Detengámonos ahora en la insensibilidad. Me parece importante porque este defecto empobrece nuestra vida, hasta el punto de poder anular, tanto nuestra experiencia de Dios como la experiencia que podamos tener de la fraternidad.

Hemos oído una y otra vez: “Dios te ama”. Es una suerte escuchar con frecuencia este anuncio. Sin embargo, en muchos momentos, quien vea nuestras vidas puede deducir que no vivimos sostenidos por esa verdad y que tenemos poca experiencia del amor de Dios. Nuestro corazón se ha impermeabilizado ante Dios y sus mandamientos. Late al ritmo de los intereses mundanos, con un sonido muchas veces ‘metalizado’.

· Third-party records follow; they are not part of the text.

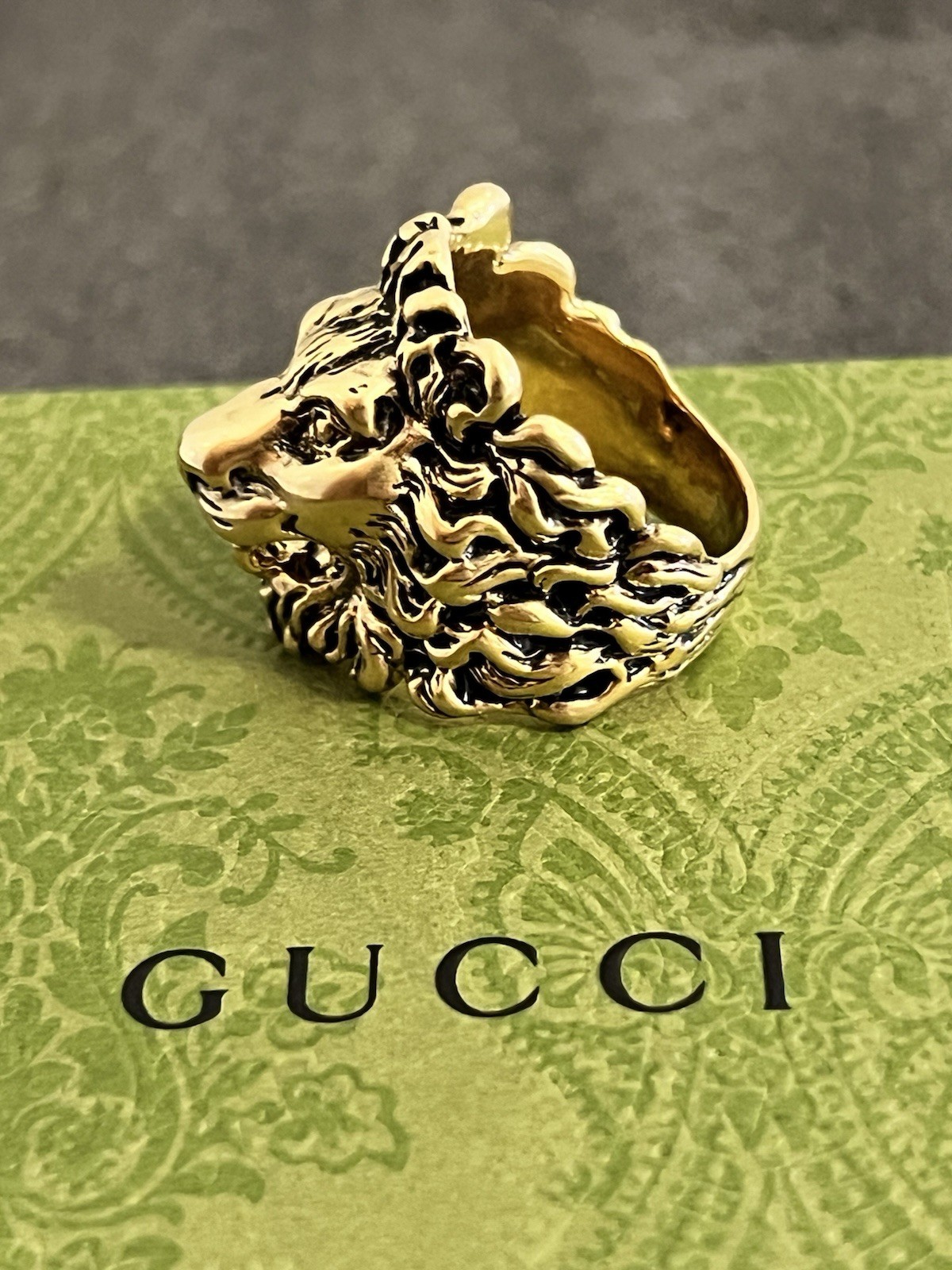 Gucci Lion Head Ring Gold Metal Rare Size IT25 US11 65mm Cat Feline Tiger Garden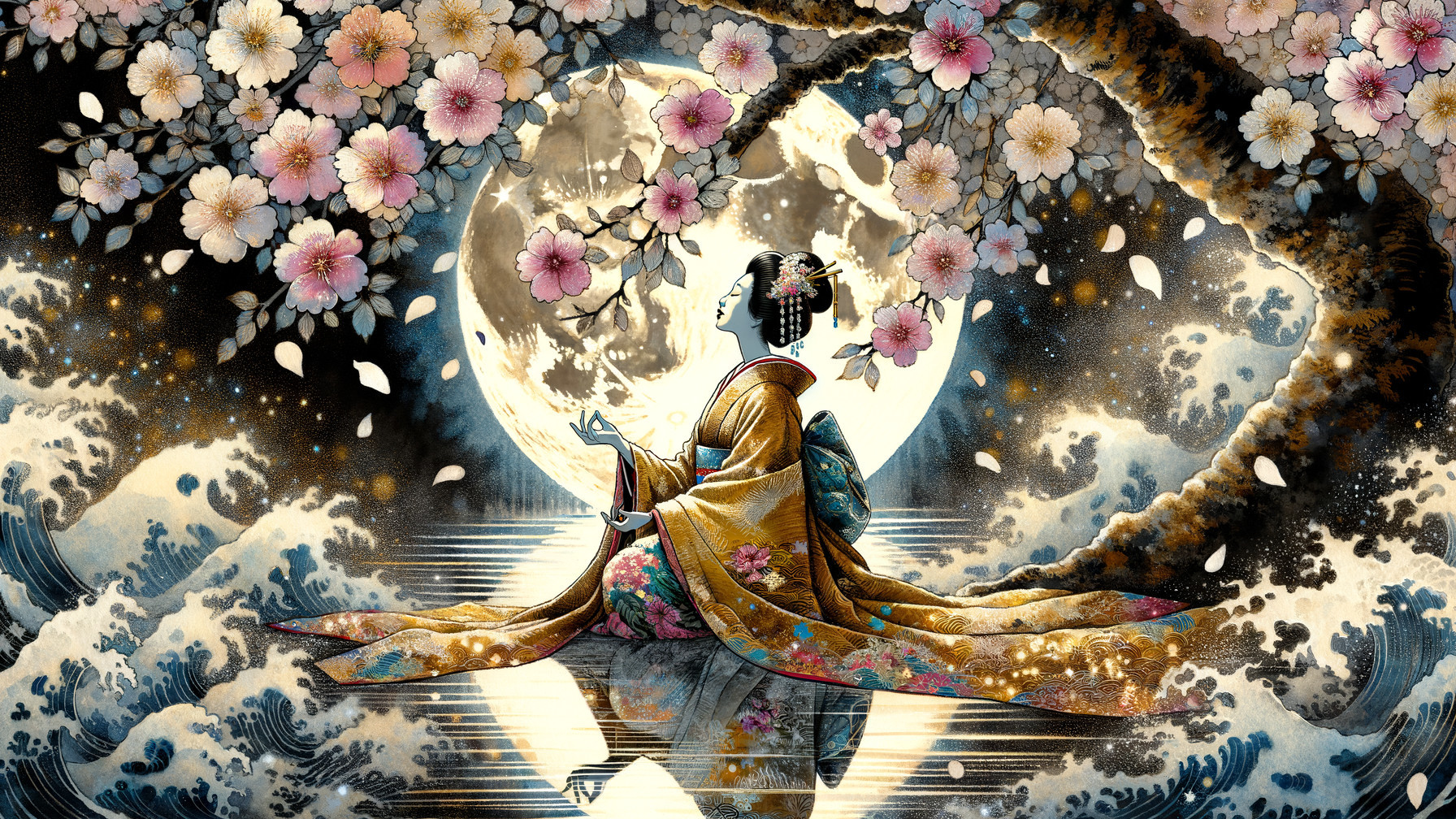 Serene figure in kimono beneath cherry blossoms and moon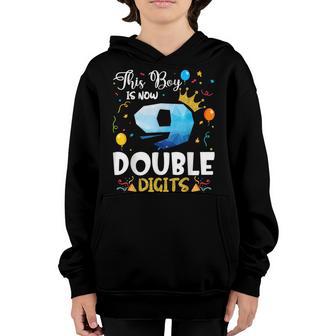 This Boy Is Now Double Digits Birthday Boy 9 Year Old Youth Hoodie - Thegiftio UK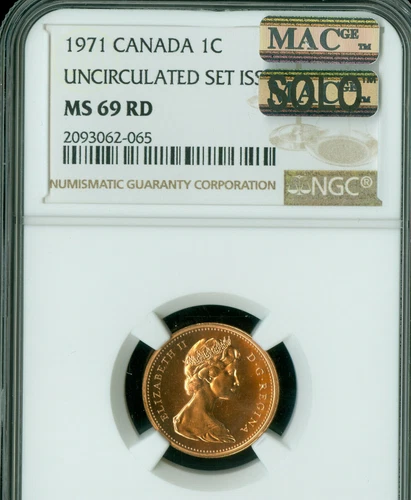 1971 CANADA CENT NGC MS69 RD PQ MAC SOLO FINEST GRADED MAC SPOTLESS *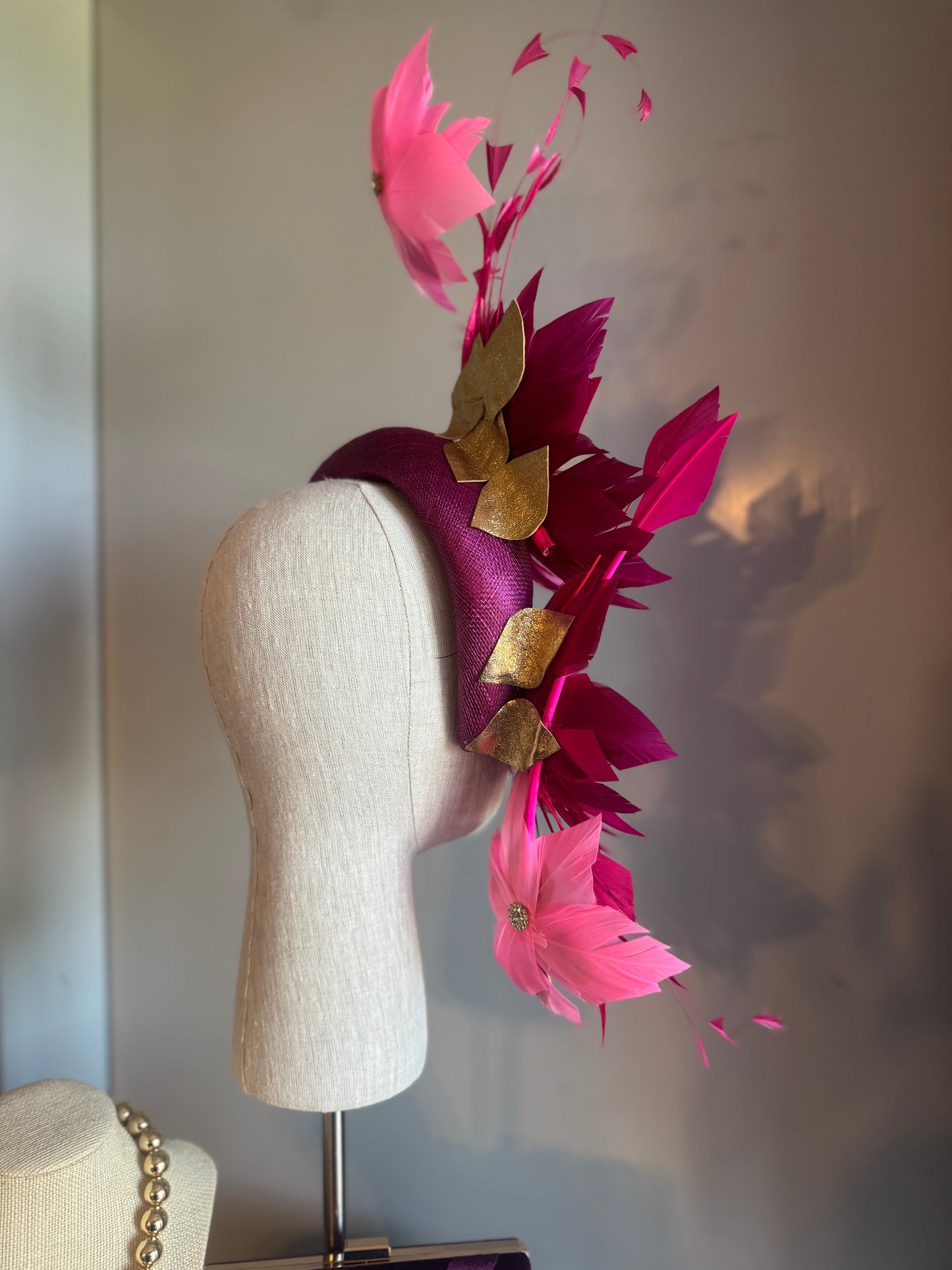 “Bridgette” magenta hot pink & gold feather statement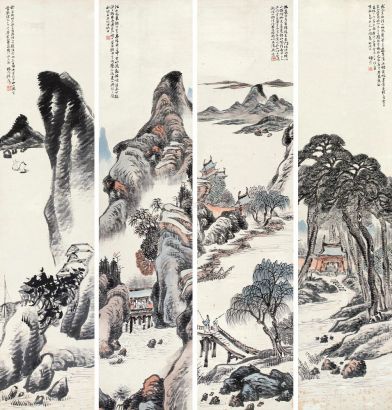 胡寅 庚寅（1890年）作 山水 四屏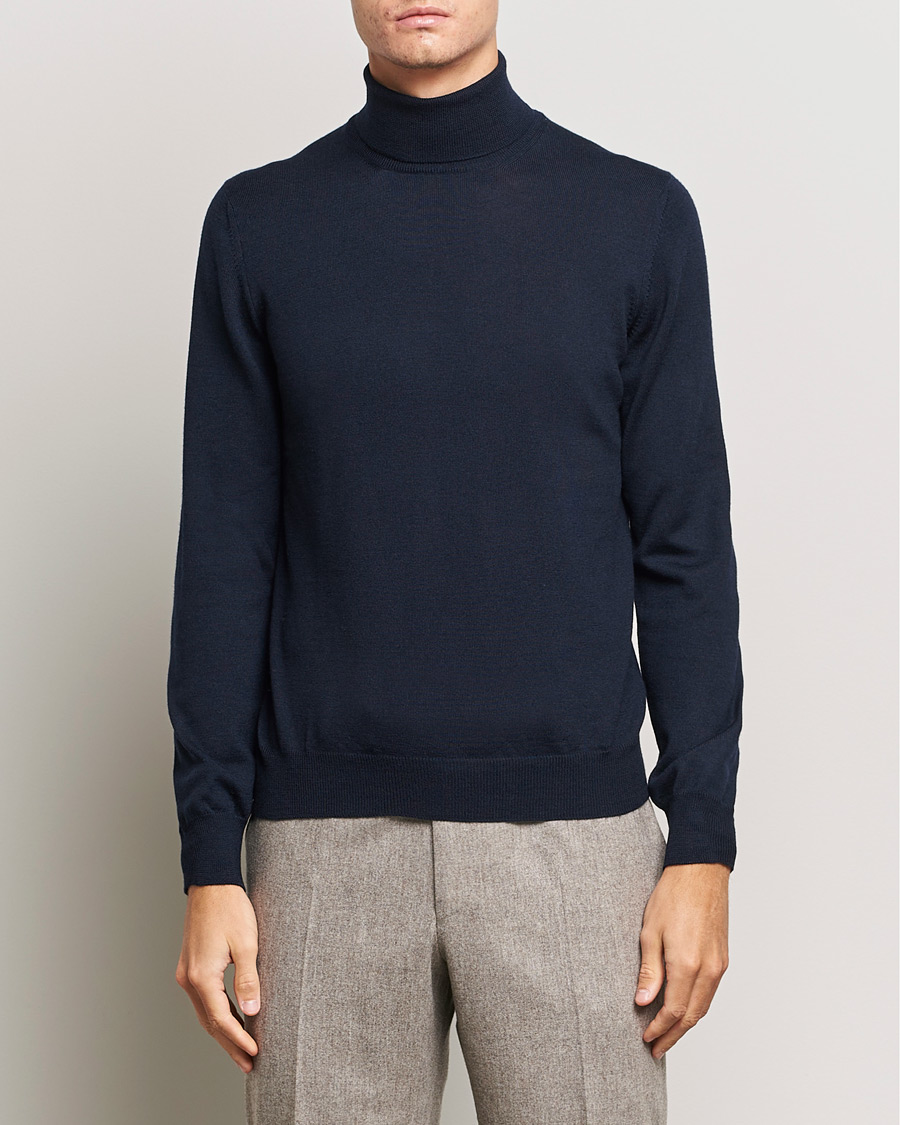 Homme | Pulls Et Tricots | Gran Sasso | Merino Fashion Fit Rollneck Navy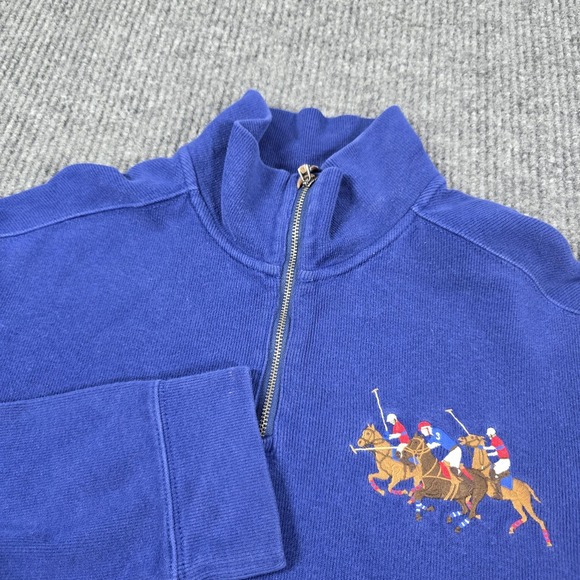 Polo Ralph Lauren Sweater Mens Large Blue‎ Half Zip Pullover Polo 3 Horsemen - Picture 1 of 13
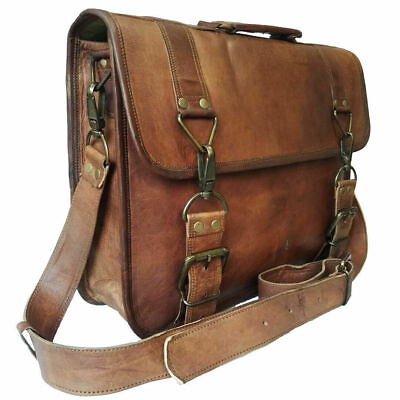 Men#x27;s Shoulder Messenger Laptop Briefcase Bag Genuine Goat Leather Vintage Brown $55.90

Pero, siendo insensibles a Dios y a su amor, resulta que acabamos sin sintonizar con nuestros hermanos. Nuestras preocupaciones se distancian del corazón de las personas con las que convivimos. Tenemos que reconocer que en más de una ocasión hemos sido insensibles ante la presencia del prójimo, con sus necesidades y sus dones.

A veces es justamente lo contrario. Necesitamos de alguien y nos encontramos con las puertas de su alma cerradas a nosotros por su insensibilidad. No nos hace caso, y esto genera en nosotros tristeza y quizá el propósito de devolverle la misma moneda.

Todas estas experiencias bloquean, no construyen, paralizan.

¿Qué hacer cuando notamos que en nuestra alma ha arraigado la mala hierba de la insensibilidad? Escuchemos al Papa Francisco en el Jubileo de los Catequistas, cuando nos dijo: “Un cristiano debe construir la historia. Debe salir de sí mismo para construir la historia. Quien vive para sí no construye la historia. La insensibilidad de hoy abre abismos infranqueables para siempre” (25.9.2016).

¿Quién nos defiende cuando estamos en el foso de la insensibilidad? ¿Quién nos consuela y nos cura cuando somos víctimas de la insensibilidad? La respuesta es clara: El Espíritu Santo. Él, con el don de entendimiento, nos ayuda a profundizar en la Palabra de Dios, a descubrir la actualidad de las palabras del Señor, del amor de Dios derramado abundantemente en nuestros corazones (cf. Rm 5,5).

El Espíritu Santo nos hace vibrar al sentirnos amados por Aquel para el cual somos la niña de sus ojos; nos sostiene en el camino del perdón hacia quienes nos han dado la espalda, y al mismo tiempo nos impulsa a salir de nuestra lógica egoísta, de nuestros intereses, incluso de los más nobles y por supuesto de los mezquinos, para tener un corazón grande como el Dios, un corazón que ve y no se desentiende, un corazón que alaba a Dios, que no antepone nada a su amor y precisamente con ese amor construye fraternidad. Supliquemos, pues, con fervor la fuerza del Espíritu Santo para no caer en el laberinto de la insensibilidad que tanto daño puede hacernos.